The resultant infrastructure should take the idea of being "data agnostic" one step further to being "information neutral." The difference between the two concepts is that data is digital, while information may be analog or digital. The new infrastructure thus should be able to handle analog as well as digital information.
AλS is such an infrastructure. AλS can best be described as an optical convergence of packet switching and circuit switching technologies. As with many communications systems, there are essentially two networks in operation within this individual infrastructure -- the network that transports users' data (the user network) and the network that manages the user network. The user network is nothing more than empty session-oriented circuit-switched wavelengths between communicating AλS access devices. These connections are created and maintained by the management network, known as the AλS Signaling System.

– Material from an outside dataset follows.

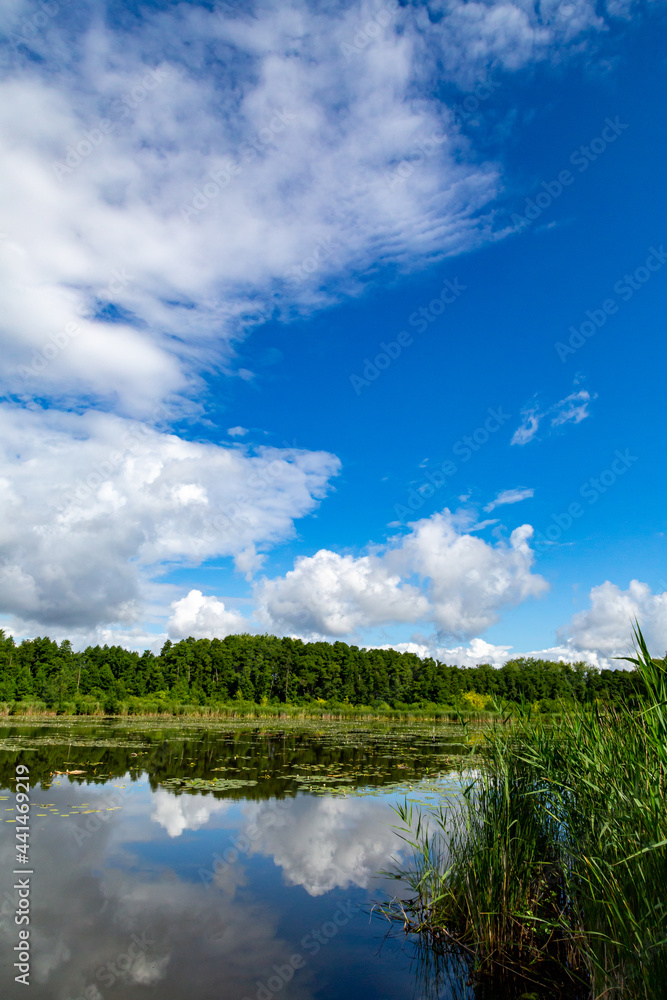 ein wundervoller Tag am See, der Himmel spiegelt sich im Wasser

The infrastructure's inner workings are very similar to the way a typical telephone call is placed today in North America using Signaling System 7 (SS7). The AλS Signaling System is a packet network that runs in the background, out of sight and knowledge of the user. The signaling system accepts a request from a user to establish a connection to a given destination address, the same way the SS7 network takes the digits dialed (destination address) from your telephone and locates the destination telephone to establish a connection. Once the destination is located and a connection is established, the AλS Signaling System releases control of the newly established connection to the user to commence data communication, just as SS7 releases a circuit for voice communication once a voice call has been properly connected.
As stated previously, users make connections via a given set of wavelengths (lambdas). Every connection, whether it is to a Web site, another PC, etc., will be achieved by establishing one or more wavelengths between the user's device and the destination device. A user may be using many connections simultaneously. Each connection is simply an additional circuit-switched wavelength(s) from the source device, through the network, to its appropriate destination. It is free of other traffic, free of overhead, completely secure, and supports unlimited bandwidth.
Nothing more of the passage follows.